In 2006 the Women Pairs played Saturday to Friday, the 8th to 14th days of the meet, with five qualifying sessions, five semifinal sessions, and four final sessions. At the start of qualifying, sixteen teams remained in the knockout stage of the marquee teams competition for women, for the McConnell Cup. During qualifying sessions for the pairs, the McConnell teams were reduced from sixteen to four, and players from the twelve "knocked out" teams were eligible to enter pairs competition at the semifinal stage. There were 109 pairs in the qualifier, 63 in the semifinal, and 36 in the final.

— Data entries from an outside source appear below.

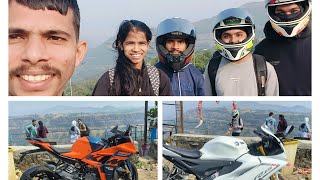 Sunday Ride in Lonavla Khandala aakubirari [upl. by Lindy]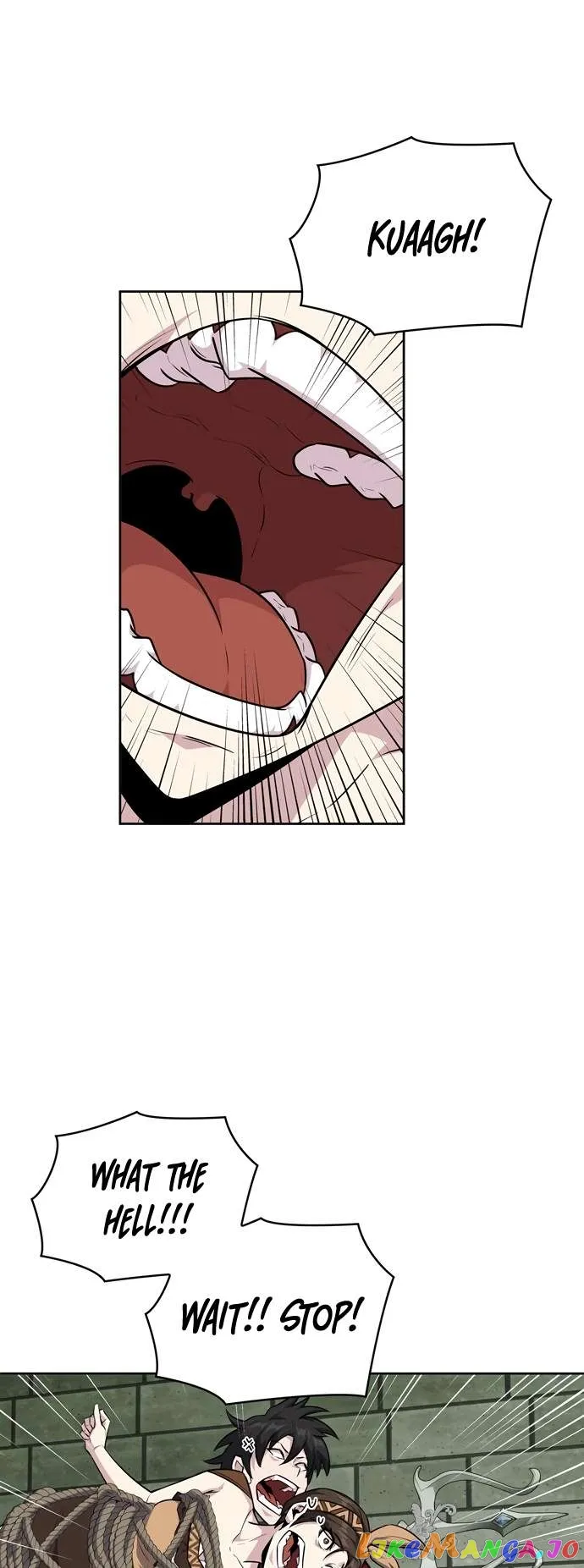 Dangerous Dungeon Escape Chapter 43 - Page 19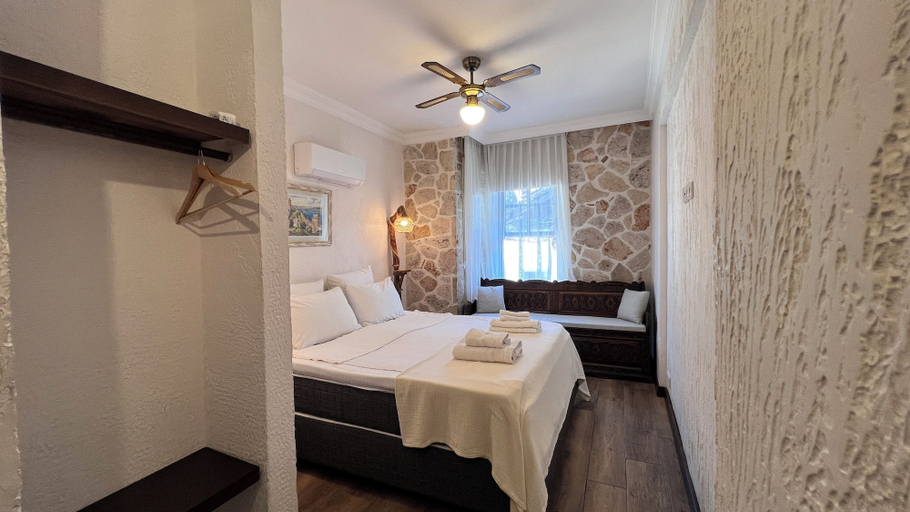 Bedroom 4, Villa Citronella Boutique Hotel, Antalya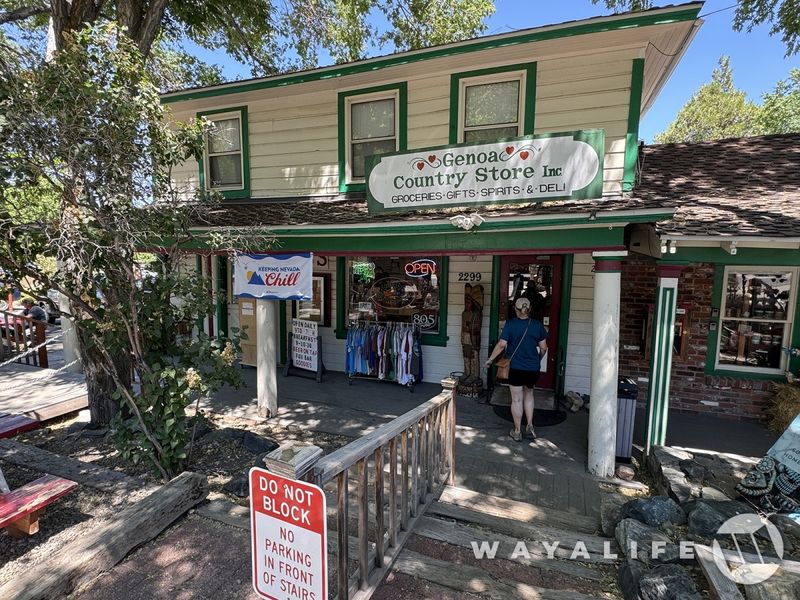A Country Store With Deep Sierra Roots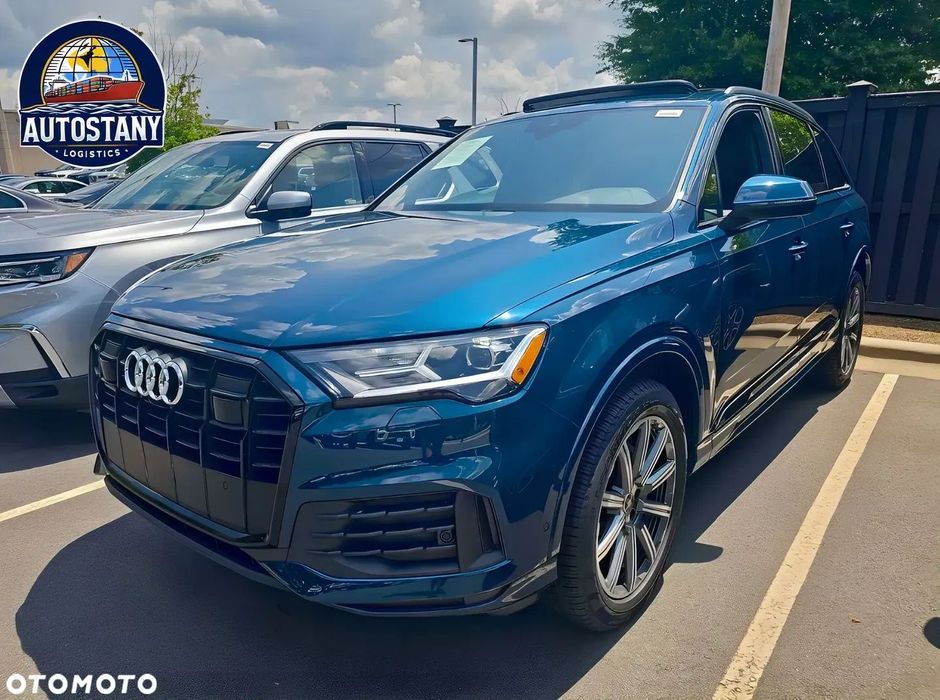 Audi Q7 Premium Plus / Auto Sprawdzone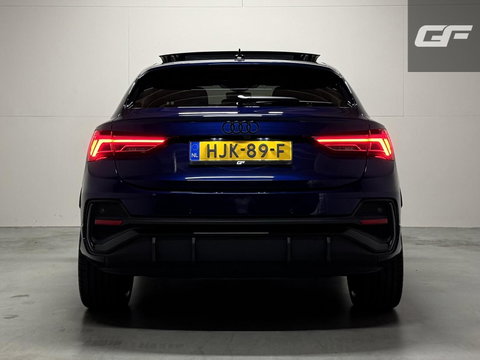 Audi Q3 Sportback 45 TFSIe S-line Black Edion Pano Carplay ACC Trekh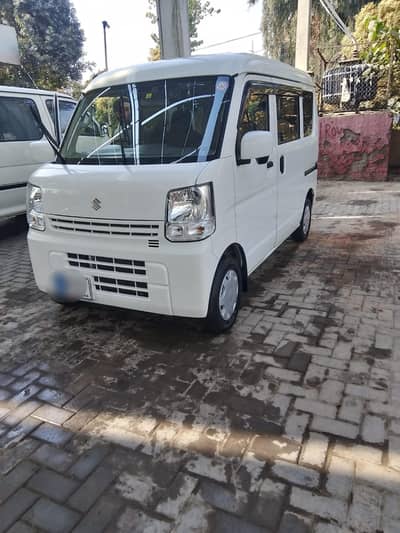 suzuki every PC limited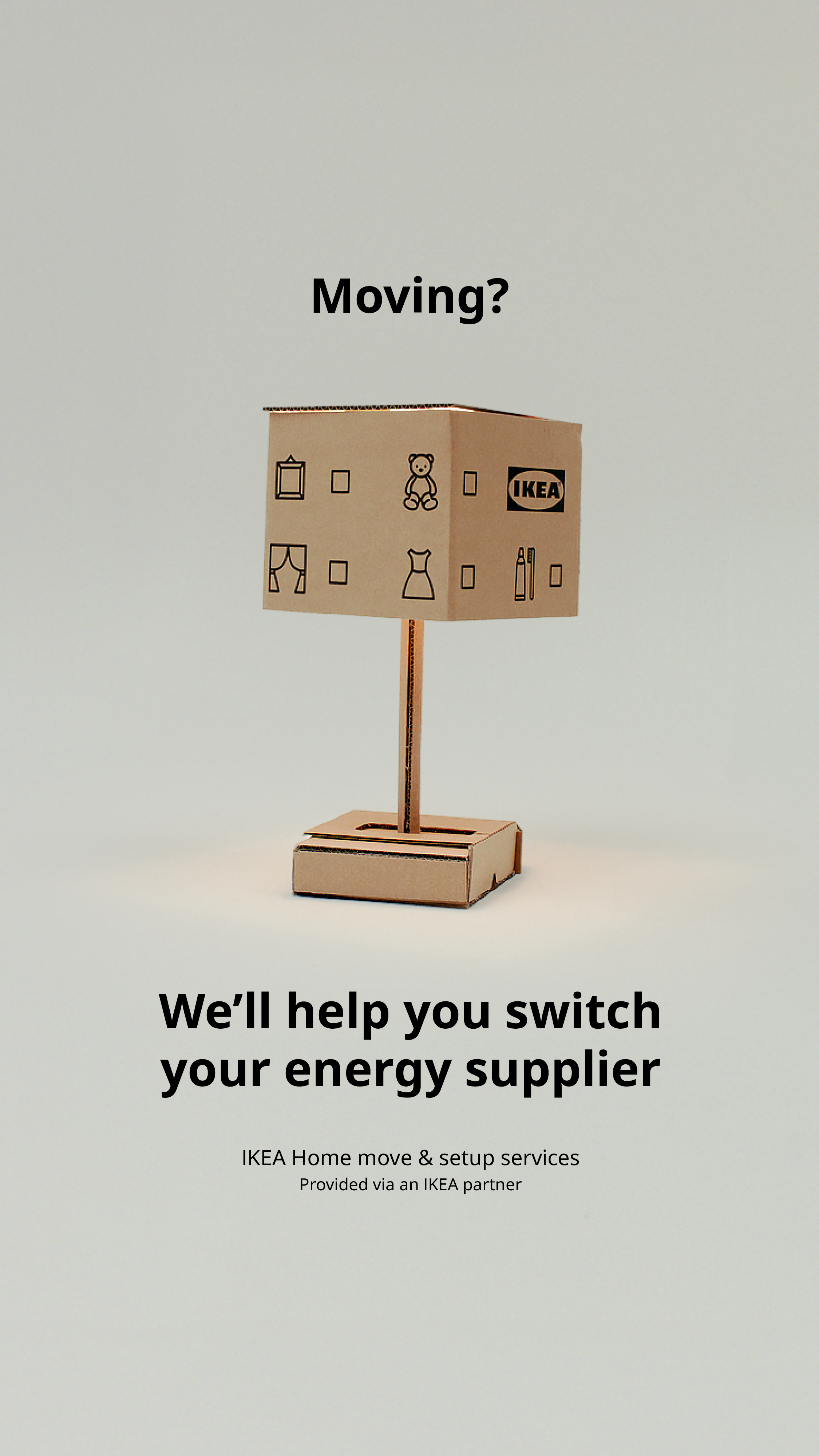 Energy supplier
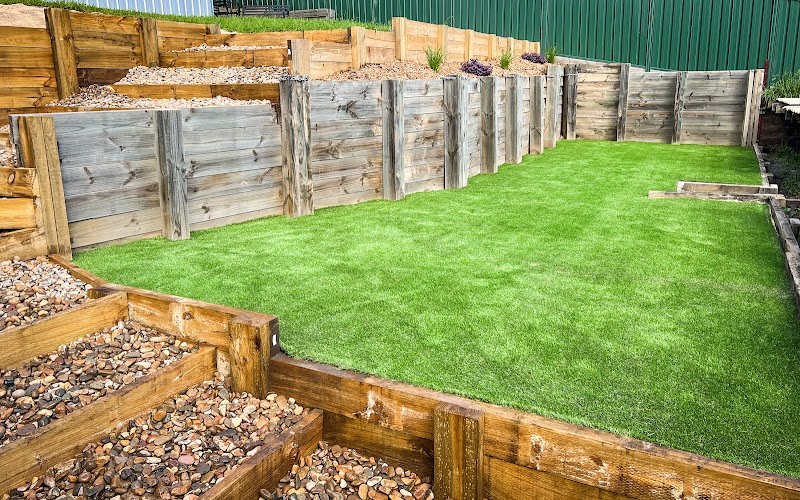 Lagana Landscaping work 4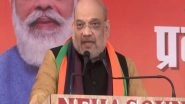 India News | Uttar Pradesh Was Taken over by Mafias Under Rule of SP, BSP: Amit Shah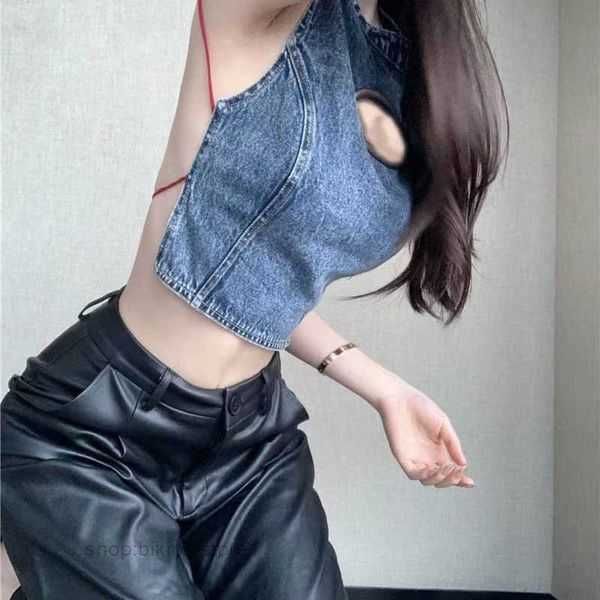 cropped knit designer diesel t-shirt hollow out tee womens knits women sleeveless yoga summer tees vests 4 rknd, White
cropped knit designer diesel t-shirt hollow out tee womens knits women sleeveless yoga summer tees vests 4 rknd, White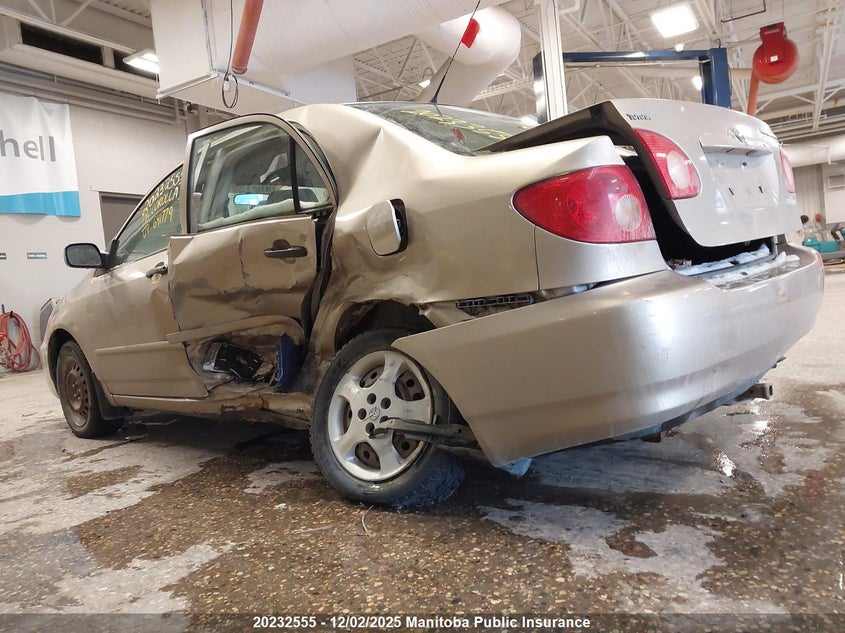 2T1BR32E56C641779 2006 TOYOTA COROLLA photo no. 6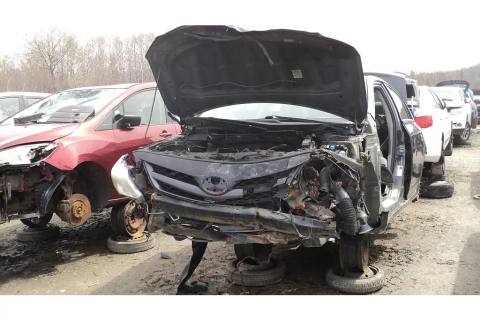 Photo of 2012 Toyota Corolla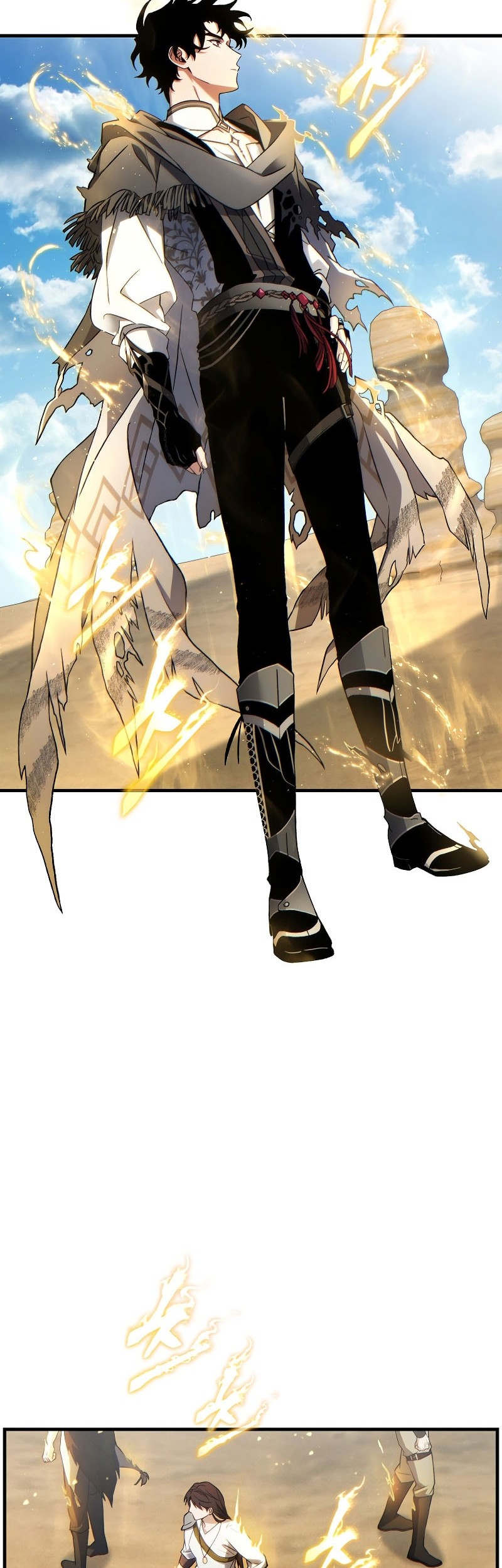 The 100th Regression of the Max-Level Player Chapter 66 - halaman 47
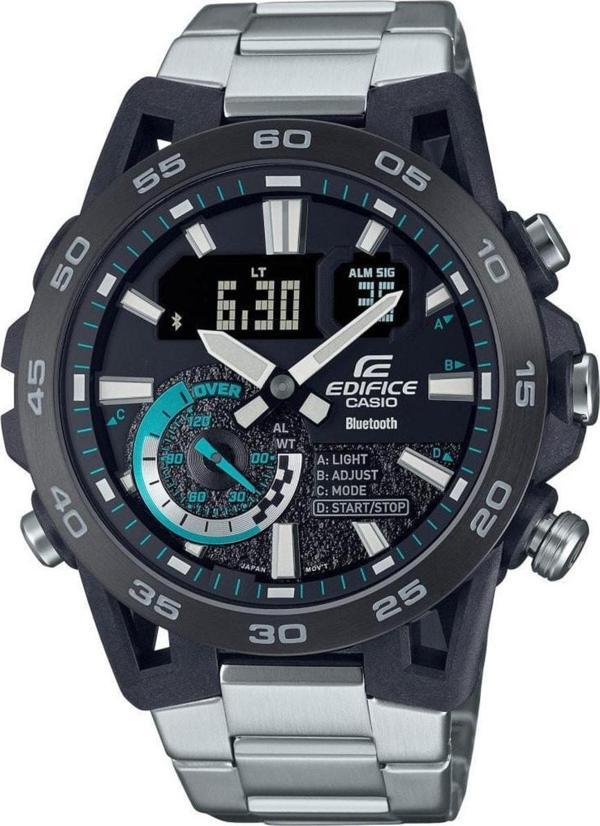 Casio Erkek Edifice Kol Saati ECB-40DB-1ADF - Image 1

United States pairs have won ten of 14 tournaments through 2014, Great Britain two, Netherlands one, China one. Fritzi Gordon and Rixi Markus of Great Britain (native Austrians) are the only two-time champion pair; Americans Karen McCallum and Kerri Sanborn/Shuman also have two wins each including one as partners in 1990. Sanborn is also the only winner of two gold medals in the World Mixed Pairs Championship, which is contested at the same quadrennial meet.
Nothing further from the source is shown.